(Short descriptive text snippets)
——
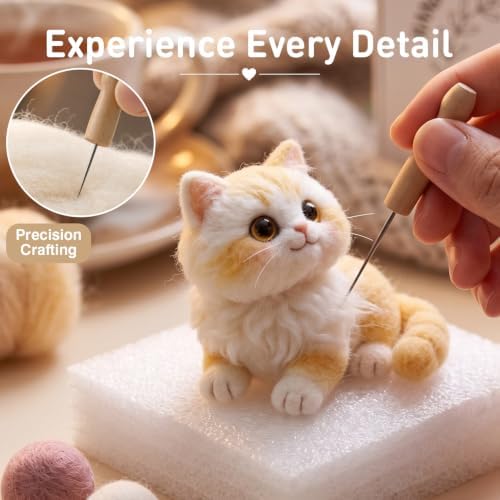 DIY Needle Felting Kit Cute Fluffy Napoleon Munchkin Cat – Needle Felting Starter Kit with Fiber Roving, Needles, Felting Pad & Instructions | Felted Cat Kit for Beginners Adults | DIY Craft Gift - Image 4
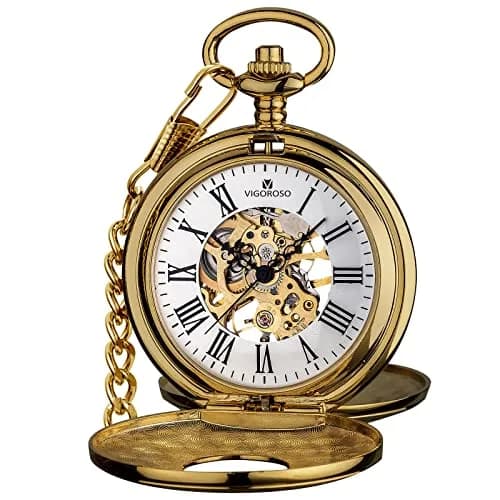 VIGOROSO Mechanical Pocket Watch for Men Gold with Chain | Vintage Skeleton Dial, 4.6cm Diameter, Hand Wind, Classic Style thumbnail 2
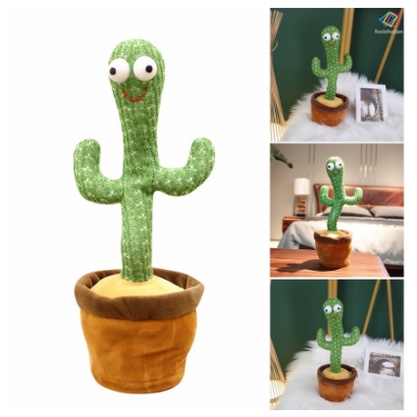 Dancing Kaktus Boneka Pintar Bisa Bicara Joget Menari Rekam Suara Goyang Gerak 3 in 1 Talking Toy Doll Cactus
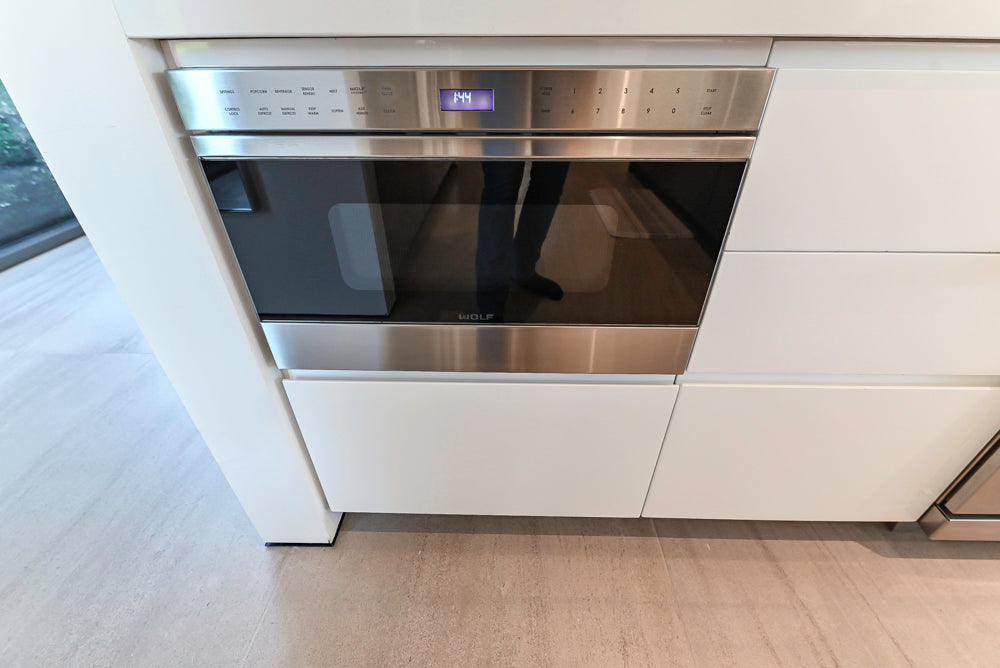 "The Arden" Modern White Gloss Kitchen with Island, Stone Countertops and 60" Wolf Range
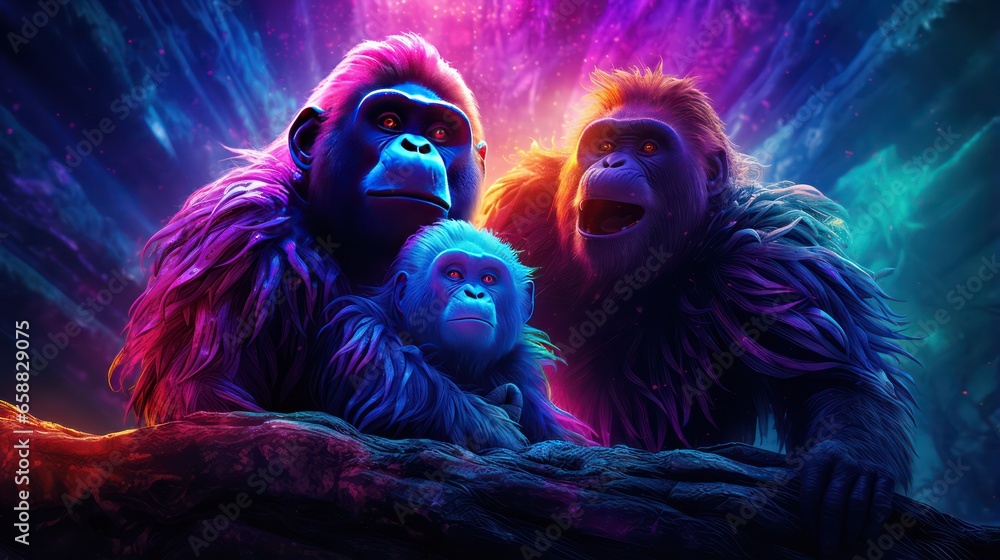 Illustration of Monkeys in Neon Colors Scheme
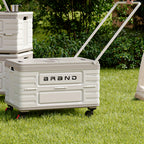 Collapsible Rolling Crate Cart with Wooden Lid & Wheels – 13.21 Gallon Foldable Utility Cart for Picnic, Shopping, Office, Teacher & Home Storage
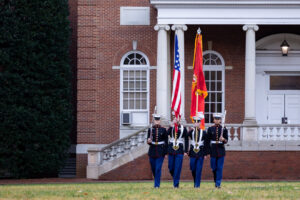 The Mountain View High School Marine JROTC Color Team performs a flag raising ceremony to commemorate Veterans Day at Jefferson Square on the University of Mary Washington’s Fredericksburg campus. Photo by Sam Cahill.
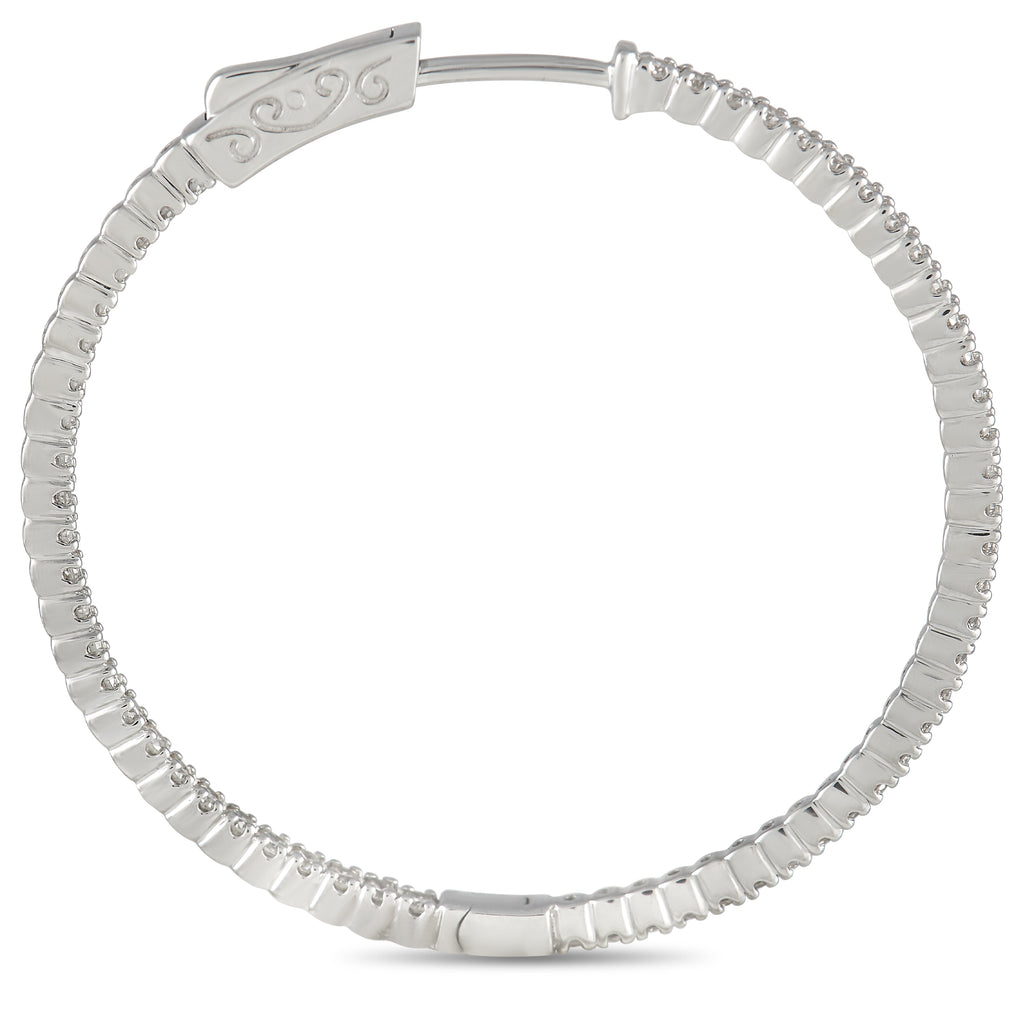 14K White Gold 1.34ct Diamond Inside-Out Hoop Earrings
——
TASK
Can the lines from the one with "The Mountain View" to the end of the records above be quoted exactly, both ends included, with every picture omitted?

SOLUTION FOR THIS PROBLEM
 The Mountain View High School Marine JROTC Color Team performs a flag raising ceremony to commemorate Veterans Day at Jefferson Square on the University of Mary Washington’s Fredericksburg campus. Photo by Sam Cahill.
 14K White Gold 1.34ct Diamond Inside-Out Hoop Earrings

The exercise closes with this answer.